El sillón más
cómodo, estructura de ratán y almohadones de duvet, puedo descansar mis piernas
presiesteras.
La espalda
semioblicua, con el sol de la tarde entreverado entre cañas y una puerta que le
da la bienvenida. El placer de los gatos dormidos, acompaña mi reposo. Observo
bufandas de luz, con pelusas microscópicas o alas de mariposas suspendidas en
el aire, como ausentes. Se me caen los párpados, imagino vidrios rotos que
separan su entero y flotan como besos olvidados, niños transparentes que juegan
a ser copos invisibles. Levanto mi mano cansada y trato de cambiar el rumbo de
las bufandas y puedo ver el sol que abandona sus dibujos. Los gatos vuelven a
la alfombra, el más chico sigue durmiendo, en el lugar de mi panza, donde más
me duele.
Cuando llego al
sueño tranquilo, se escucha la voz de la enfermera:
—Señora. –La Señora es mi Mamá, que tiene yeso en los
brazos y en las piernas, debe tener vendajes-.
Papá quedó
hipoacúsico, se rasca la espalda con una aguja de tejer.

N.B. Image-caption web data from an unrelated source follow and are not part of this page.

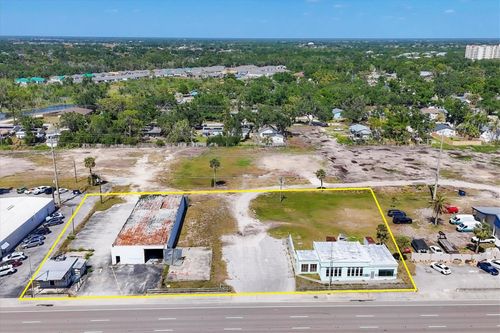 2211 S Tamiami Trl, Venice, FL, 34293-5016 | Card Image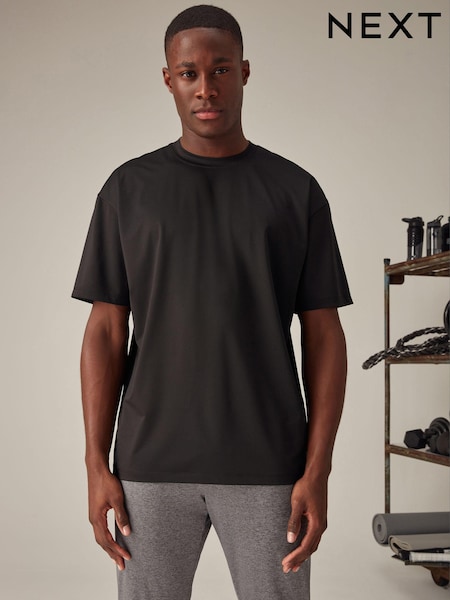 Black Active Relaxed Fit Textured Training T-Shirt (Q89211) | €8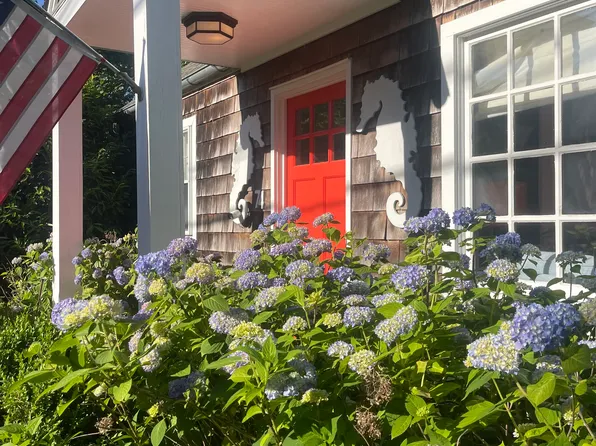74 Miller Ln E, East Hampton, NY 11937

—Por suerte el hijo no tiene nada, el Dr dijo que lo
traumático se cura. Se atiende solo, pero no contesta.
La Enfermera
insiste en llevarme a la cama. Le digo: —Me duele la mano, los dedos en especial.
—Mamita. –Me dice
la bestia- Es la memoria del cuerpo, la mano la perdiste en el accidente.